NexPoint Diversified Real Estate Trust

10/04/2024 | Press release | Distributed by Public on 10/04/2024 14:35

Material Agreement Form 8 K

Item 1.01.
Entry into a Material Definitive Agreement.
On October 4, 2024, NexPoint Diversified Real Estate Trust (the "Company") entered into a guaranty of recourse obligations (the "Guaranty") for the benefit of Citi Real Estate Funding, Inc. ("Citi") and JPMorgan Chase Bank, National Association ("JPM" and together with Citi, collectively, "Lender") under the Loan Agreement (defined below), pursuant to which the Company guaranteed certain obligations of the borrowers ("Borrower") under the Loan Agreement, dated October 4, 2024 (together with one or more applicable promissory notes thereunder, the "Loan Agreement"), by and among Borrower and Lender. The Company is the owner of an indirect interest in Borrower and entered into the Guaranty as a condition of Lender lending to Borrower under the Loan Agreement.
Pursuant to the Guaranty, the Company guaranteed certain recourse obligations of Borrower pertaining to exculpation or indemnification of Lender, including but not limited to any fraud, misrepresentation, or certain other misconduct (including gross negligence, willful misconduct and certain waste), by Borrower or the Company, certain defaults with respect to legal requirements pertaining to the collateral and Borrower's business, management or ownership of Borrower under the Loan Agreement.
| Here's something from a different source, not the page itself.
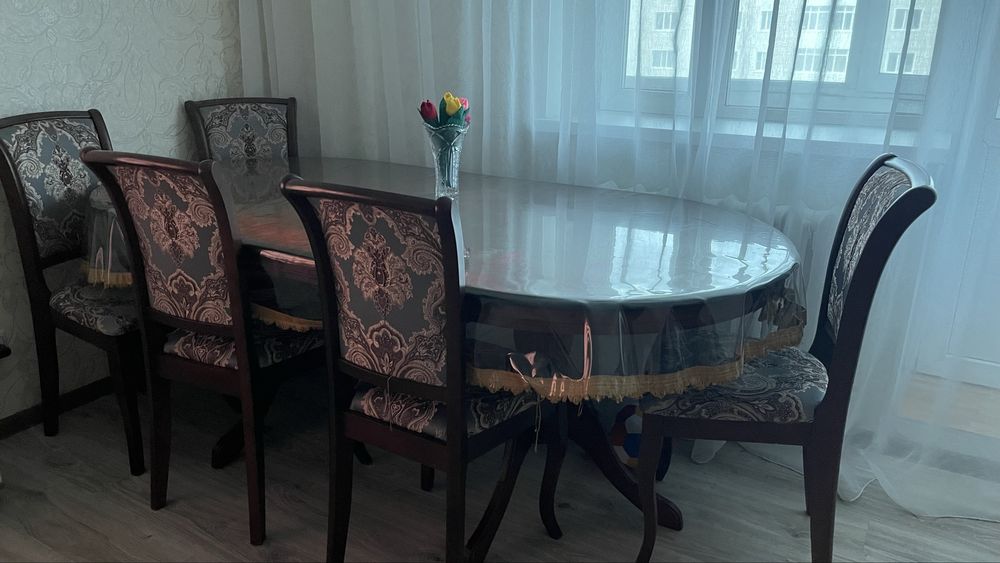 Продам стол со стульями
The Guaranty also provides that the Company may be required to repay principal amounts upon the occurrence of certain events, including bankruptcy or certain other insolvency events with respect to or actions taken by Borrower, raising or assertion by Borrower of a defense or certain related rights or requests in connection with enforcement actions or assertions of rights or remedies by Lender or any right in connection with any security for the loan, or failure on the part of Borrower to maintain status of each borrower as a single purpose entity as described in the Loan Agreement, to obtain consent before incurring certain additional indebtedness or liens encumbering any real property that is collateral under the loan, or to obtain consent for a transfer of or certain related transactions with respect to any real property that is collateral under the loan other than certain permitted transfers.
The Loan Agreement provides for a single initial advance of the loan in the amount of $750 million to Borrower on the closing date. Amounts outstanding under the Loan Agreement are due and payable on November 1, 2029. The Loan Agreement generally provides that the loan proceeds will be used for acquisitions, to repay and discharge existing loans related to owned properties, for working capital requirements related to the real property that is collateral under the loan, and for payments and deposits required under or pursuant to the terms of the Loan Agreement. The terms of the Loan Agreement allow the Company to convert to a Maryland corporation that will continue as a real estate investment trust, which the Company expects to complete in 2025.
Borrowings outstanding under the Loan Agreement are secured by mortgages on real property owned by one or more of the borrowers comprising Borrower and bear interest at approximately 4.32% with respect to approximately $358.4 million of initial principal thereunder, 4.66% with respect to approximately $58.9 million of initial principal thereunder, 5.00% with respect to approximately $46.3 million of initial principal thereunder, 5.67% with respect to approximately $97.4 million of initial principal thereunder, 6.71% with respect to approximately $113.5 million of initial principal thereunder, 7.90% with respect to approximately $38 million of initial principal thereunder and 10.28% with respect to approximately $37.5 million of initial principal thereunder. Borrowings outstanding under the Loan Agreement may be repaid from time to time on certain terms and conditions, including payment of administrative costs, expenses, exit fees, and interest for the period, as well as a spread maintenance payment in some circumstances.
The guaranteed obligations by the Company under the Loan Agreement are recourse obligations to the Company and each agreement contains representations and warranties, affirmative and negative covenants and events of default that the Company considers customary for an agreement of this type, including covenants pertaining to the nature of the applicable borrower's business, management or ownership, acquisitions or dispositions of assets, mergers or dissolutions, the incurrence of additional liens on the assets of the applicable borrower, and the enforcement thereof. If an event of default occurs, the applicable lender may, among other things, require the applicable borrower to repay all amounts outstanding under the Loan Agreement or foreclose on the collateral thereunder. Upon the occurrence of certain events as described above, the Company may also be required to make such repayment. Investors are not third-party beneficiaries of, and should not rely upon, any such representations, warranties and covenants.
The description of the material terms of the Guaranty is qualified in its entirety by reference to the Guaranty, which is filed as Exhibit 10.1 to this Current Report on Form 8-K and is hereby incorporated by reference into this Item 1.01.